Extracted data entries:
┄┄┄┄┄┄┄┄┄┄

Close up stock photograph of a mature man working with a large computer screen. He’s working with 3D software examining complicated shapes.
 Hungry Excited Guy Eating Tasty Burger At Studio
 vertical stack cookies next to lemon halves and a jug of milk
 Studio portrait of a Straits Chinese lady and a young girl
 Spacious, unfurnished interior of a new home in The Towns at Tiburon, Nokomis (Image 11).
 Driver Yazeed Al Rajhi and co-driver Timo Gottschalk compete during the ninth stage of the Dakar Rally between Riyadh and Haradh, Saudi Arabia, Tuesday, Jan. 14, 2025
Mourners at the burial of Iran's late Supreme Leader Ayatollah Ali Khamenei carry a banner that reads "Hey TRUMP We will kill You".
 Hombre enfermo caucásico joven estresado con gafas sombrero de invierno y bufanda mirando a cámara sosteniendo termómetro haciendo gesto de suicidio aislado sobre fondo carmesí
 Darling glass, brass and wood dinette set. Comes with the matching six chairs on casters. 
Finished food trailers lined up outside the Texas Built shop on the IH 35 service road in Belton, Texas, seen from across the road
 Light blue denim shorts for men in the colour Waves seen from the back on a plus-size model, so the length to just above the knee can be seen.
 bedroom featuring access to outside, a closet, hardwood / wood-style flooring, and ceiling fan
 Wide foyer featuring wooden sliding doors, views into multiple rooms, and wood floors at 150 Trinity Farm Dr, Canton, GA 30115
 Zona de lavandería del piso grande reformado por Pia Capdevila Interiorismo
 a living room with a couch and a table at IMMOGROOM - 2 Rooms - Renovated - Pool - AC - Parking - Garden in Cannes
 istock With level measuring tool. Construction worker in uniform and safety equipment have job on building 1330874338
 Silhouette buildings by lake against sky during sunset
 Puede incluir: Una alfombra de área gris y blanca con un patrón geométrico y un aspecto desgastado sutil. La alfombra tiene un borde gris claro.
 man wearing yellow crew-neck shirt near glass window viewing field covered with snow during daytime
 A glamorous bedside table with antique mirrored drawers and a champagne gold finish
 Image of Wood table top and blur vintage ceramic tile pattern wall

┄┄┄┄┄┄┄┄┄┄

**What the task asks:**
All of the entries above need to be retyped exactly.

**Solution for this problem:**
Close up stock photograph of a mature man working with a large computer screen. He’s working with 3D software examining complicated shapes.
 Hungry Excited Guy Eating Tasty Burger At Studio
 vertical stack cookies next to lemon halves and a jug of milk
 Studio portrait of a Straits Chinese lady and a young girl
 Spacious, unfurnished interior of a new home in The Towns at Tiburon, Nokomis (Image 11).
 Driver Yazeed Al Rajhi and co-driver Timo Gottschalk compete during the ninth stage of the Dakar Rally between Riyadh and Haradh, Saudi Arabia, Tuesday, Jan. 14, 2025
Mourners at the burial of Iran's late Supreme Leader Ayatollah Ali Khamenei carry a banner that reads "Hey TRUMP We will kill You".
 Hombre enfermo caucásico joven estresado con gafas sombrero de invierno y bufanda mirando a cámara sosteniendo termómetro haciendo gesto de suicidio aislado sobre fondo carmesí
 Darling glass, brass and wood dinette set. Comes with the matching six chairs on casters. 
Finished food trailers lined up outside the Texas Built shop on the IH 35 service road in Belton, Texas, seen from across the road
 Light blue denim shorts for men in the colour Waves seen from the back on a plus-size model, so the length to just above the knee can be seen.
 bedroom featuring access to outside, a closet, hardwood / wood-style flooring, and ceiling fan
 Wide foyer featuring wooden sliding doors, views into multiple rooms, and wood floors at 150 Trinity Farm Dr, Canton, GA 30115
 Zona de lavandería del piso grande reformado por Pia Capdevila Interiorismo
 a living room with a couch and a table at IMMOGROOM - 2 Rooms - Renovated - Pool - AC - Parking - Garden in Cannes
 istock With level measuring tool. Construction worker in uniform and safety equipment have job on building 1330874338
 Silhouette buildings by lake against sky during sunset
 Puede incluir: Una alfombra de área gris y blanca con un patrón geométrico y un aspecto desgastado sutil. La alfombra tiene un borde gris claro.
 man wearing yellow crew-neck shirt near glass window viewing field covered with snow during daytime
 A glamorous bedside table with antique mirrored drawers and a champagne gold finish
 Image of Wood table top and blur vintage ceramic tile pattern wall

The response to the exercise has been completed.